## Import Libraries and read data

In [1]:
# Import manipulation libraries
import itertools
import pandas as pd
import numpy as np

# Import visualization libraries
import matplotlib.pyplot as plt
import seaborn as sns

# Ignore Warning library
import warnings

# ML/Preproc libraries
from sklearn.preprocessing import RobustScaler, StandardScaler, MinMaxScaler, OneHotEncoder, PowerTransformer
from sklearn.tree import DecisionTreeClassifier
from sklearn.compose import ColumnTransformer
from sklearn.pipeline import Pipeline 


In [2]:
# Ignore certain warnings when plotting
warnings.filterwarnings("ignore", "is_categorical_dtype")
warnings.filterwarnings("ignore", "use_inf_as_na")

In [3]:
# Import data from csv
test_values = pd.read_csv('test_values.csv')
train_labels = pd.read_csv('train_labels.csv')
train_values = pd.read_csv('train_values.csv')

In [4]:
# Merge training datasets to have 1 df
df = pd.merge(train_values, train_labels, on='building_id')

## Data Cleaning

In [5]:
# Define anomaly detection visualization function
def anomaly_detection(data, columns):
    # Univariate columns
    if columns[0] == 'geo_level_1_id':
        for col in columns:
            plt.figure(figsize=(10,6))
            sns.boxplot(data=data, x=col)
            plt.title(f'Feature: {col}');
    elif columns[0] == 'land_surface_condition':
        data_encoded = pd.get_dummies(data, columns=columns, dtype=int)
        for col in [col for col in data_encoded.columns if col not in data.columns]:
            plt.figure(figsize=(10,6))
            sns.kdeplot(data_encoded[col], fill=True, warn_singular=False)
            plt.title(f'Feature: {col}');
    elif columns[0] == 'has_superstructure_adobe_mud':
        for col in columns:
            plt.figure(figsize=(10,6))
            sns.histplot(data=data, x=col, stat='count')
            plt.title(f'Feature: {col}');

In [6]:
# Lambda function to deal with string issues for columns
col_trans = lambda x: x.replace(',','').split()

In [None]:
# Classifying each column
num_features = col_trans('geo_level_1_id, geo_level_2_id, geo_level_3_id')
cat_features = col_trans('land_surface_condition, foundation_type, roof_type, ground_floor_type, other_floor_type, position, plan_configuration, legal_ownership_status')
binary_features = col_trans('has_superstructure_adobe_mud, has_superstructure_mud_mortar_stone, has_superstructure_stone_flag, has_superstructure_cement_mortar_stone, has_superstructure_mud_mortar_brick, has_superstructure_cement_mortar_brick, has_superstructure_timber, has_superstructure_bamboo, has_superstructure_rc_engineered, has_superstructure_other, has_secondary_use_hotel, has_secondary_use_rental, has_secondary_use_institution, has_secondary_use_school, has_secondary_use_industry, has_secondary_use_health_post, has_secondary_use_gov_office, has_secondary_use_use_police, has_secondary_use_other')
left_skew_features = col_trans('count_floors_pre_eq, age, area_percentage, height_percentage, count_families')

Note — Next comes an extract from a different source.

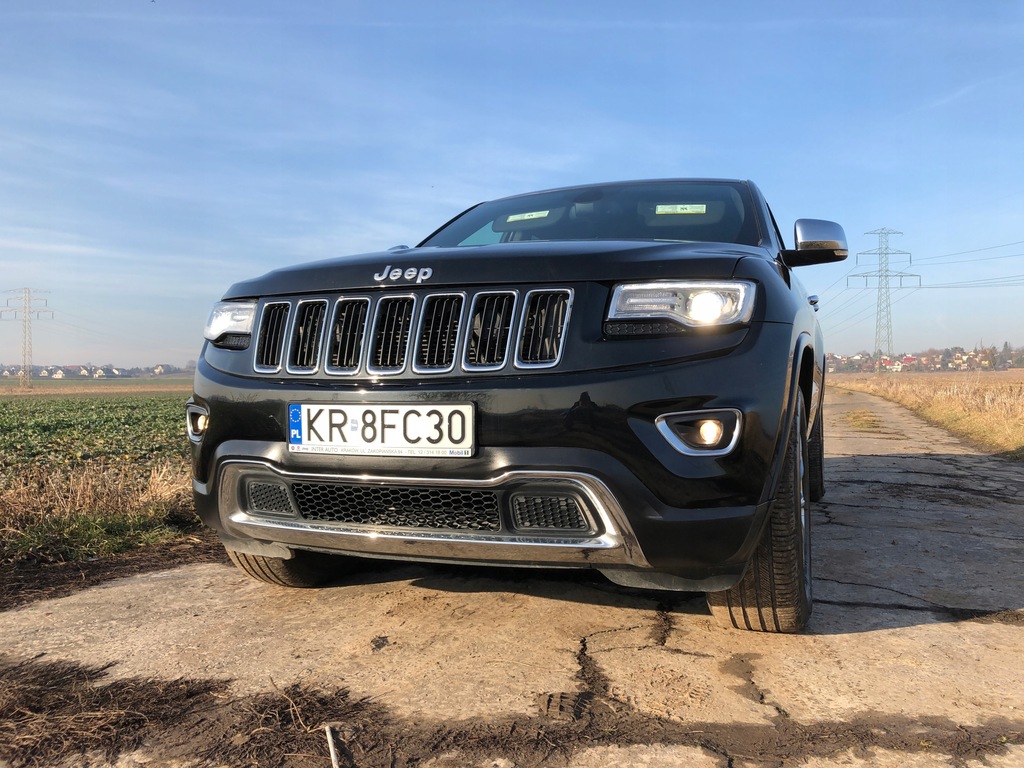 Jeep Grand Cherokee Limited 4x4, Serwis ASO Kraków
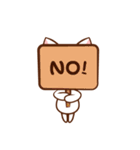 通信量ねこにゃん（個別スタンプ：16）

### Categorical Anomaly Detection

In [None]:
# Univariant columns anomaly detection
anomaly_detection(data=df, columns=cat_features)

### Univariate Anomaly Detection

In [None]:
anomaly_detection(data=df, columns=list(itertools.chain(num_features, left_skew_features)))

### Binary Anomaly Detection

In [None]:
anomaly_detection(data=df, columns=binary_features)

## Data Transformation

### Viewing distribution of Univariate data

In [10]:
# Function to view skewness of univariate data
def skew_vis(data, columns):
    for feat in columns:
        plt.figure(figsize=(10,6))
        sns.histplot(data=data[feat], bins=150)
        plt.title(f'Dist of Feature: {feat}')


#### Regular data Skewness

In [None]:
skew_vis(data=df, columns=list(itertools.chain(num_features, left_skew_features)))

## Model Selection

### Baseline Model

In [139]:
# Split data into X and y to diffentiate training data and target data
X = df.drop(columns=['damage_grade'])
y = df[['damage_grade']]

In [141]:
# Building custom transformer for preprocessing
class CustomerTransformer:
    def __init__(self):
        self.minmax_features = num_features
        self.ohe_features = cat_features
        self.yj_columns = left_skew_features
        self.minmax_scaler = MinMaxScaler()
        self.ohe_encoder = OneHotEncoder(sparse_output=False, handle_unknown='ignore')
        self.yj_transformer = PowerTransformer(method='yeo-johnson')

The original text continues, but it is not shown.